Synopses & Reviews
The stifling summer streets of Lisbon are teeming with spies and informers when Andrea Aspinall, an English mathematician turned spy, disappears under a new identity. Military attaché Karl Voss, experienced in the illusions of intrigue, arrives in Lisbon under the German Legation, though he is secretly working against the Nazis so that atomic and rocket technology do not find their way into Hitler's hands.
In the lethal tranquility of a corrupted paradise Andrea and Karl meet and attempt to find love. Tragically, a night of violence leaves Andrea the keeper of a secret that triggers a lifelong addiction to the clandestine world. From Portugal to England and finally Cold War Berlin, she gradually discovers that the deepest secrets aren't held by governments, but by those closest to you.
Award-winning novelist Robert Wilson transcends the genre of spy novels in The Company of Strangers, a thrilling page-turner yet also an imaginative and affecting tale of romance.
Review
"[A] gripping espionage thriller that will keep readers guessing from beginning to end....Wilson's latest has all the right ingredients danger, death, violence, sex, patriotism, and war plus intriguingly complex characters and a keep-'em-guessing plot that starts slowly but quickly picks up speed." Emily Melton, Booklist
Review
"[T]he Byzantine plot and half-century time span detract from the penetrating analysis of the human heart that makes this novel worth reading." Library Journal
Review
"A plotter's delight....[Wilson] creates an intriguing moral maze for his heroine to negotiate." The Guardian (London)
Review
"Wilson here sticks with what worked so well in his stylish debut, A Small Death in Lisbon, crafting a thriller that moves from the outer edges of the Third Reich to postwar Berlin." School Library Journal
Review
"An espionage thriller of the first order complex, erotic, romantic." San Francisco Chronicle
Review
"The British seem to breed terrific mystery and thriller writers with astonishing ease....The latest import about to catch fire in the U.S.? Robert Wilson." New York Post
Review
"Seemingly authentic in its sinuosities, intricate but convoluted, absorbing and brilliantly written, this is caviar for the cognoscenti. And for the general reader too." Los Angeles Times Book Review
Review
"A sweeping novel of international espionage...[that] will certainly appeal to Le Carre's fans, but for our money Wilson is a much livelier writer." The Denver Post
Synopsis
The award-winning author of
A Small Death in Lisbon brings an exciting richness to the long shadow of evil in this crackling novel of spycraft and international intrigue.
Lisbon, 1944:
Andrea Aspinall, plucked out of academia by British intelligence so that her mathematical knowledge might help in the hunt for atomic secrets, disappears under a new identity in Lisbon, where such secrets are easily bought and sold.

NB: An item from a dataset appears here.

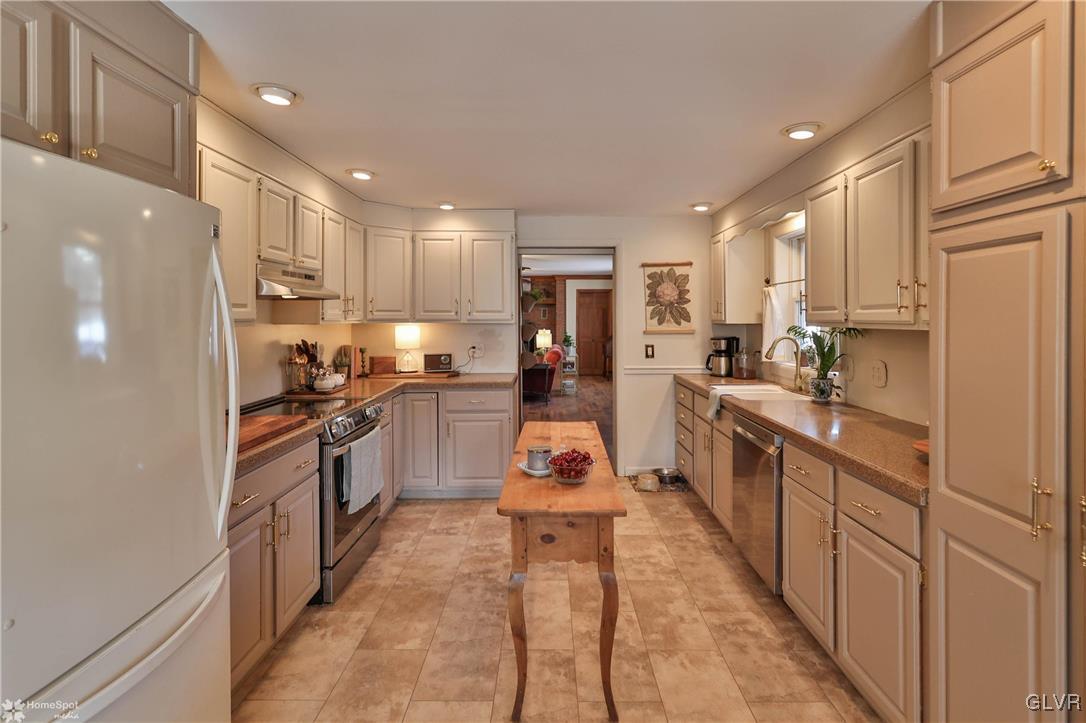 1246 Beaver Valley Road Stroudsburg, PA 18360 - Photo 15 of 42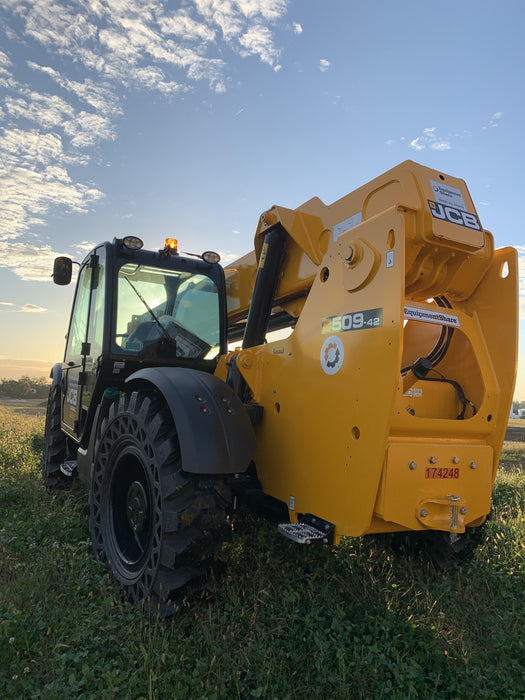 2021 JCB 509-42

Karl Voss, already experienced in the illusions of intrigue when he arrives in Lisbon, is an attache at the German Legation, though he is secretly working against the Nazis to rescue Germany from annihilation.
After a night of terrible violence, Andrea creates a family for herself from Voss's memory and the clandestine world they knew. In Portugal, in England, and in the chilly world of Cold War Berlin, she discovers that the deepest secrets aren't held by governments-and that death is a relative term. In The Company of Strangers, Robert Wilson takes the chilling irony of "secret intelligence" to a new and more poignant human level, as he shows that the heart is both more knowing and more secretive than the mind.
Synopsis
1944: Andrea Aspinall, mathematician and spy, disappears under a new identity into the torrid summer streets of Lisbon that seethe with spies and informers. The Germans have made advances in atomic and rocket technology and the Allies are determined that the ultimate secret weapon will not become a reality in Nazi hands.
Karl Voss, already experienced in the illusions of intrigue, arrives in Lisbon as military attache to the German Legation. There he begins his subversive work against the Nazi regime to rescue his country from annnihilation.
In the lethal tranquility of a corrupted paradise Andrea and Karl meet and attempt to find love in a world where no one can be believed. After a night of terrible violence Andrea is left with a secret that provokes a lifelong addiction to the clandestine world. In Lisbon, London, and finally Cold War Berlin, she gradually discovers that the deepest secrets aren't held by governments but by those closest to you.
In The Company of Strangers, award-winning novelist Robert Wilson takes the ironies of Cold War espionage to a new and more poignantly human level, as he shows that when the head and the heart come into confrontation, the heart will always win.
About the Author
Robert Wilson is the author of six novels, including A Small Death in Lisbon, which won the Gold Dagger Award for Best Crime Novel of the Year from Britain's Crime Writers Association. A graduate of Oxford University, he has worked in shipping, advertising, and trading in Africa, and has lived in Greece and West Africa. He lives with his wife in an isolated farmhouse in Portugal.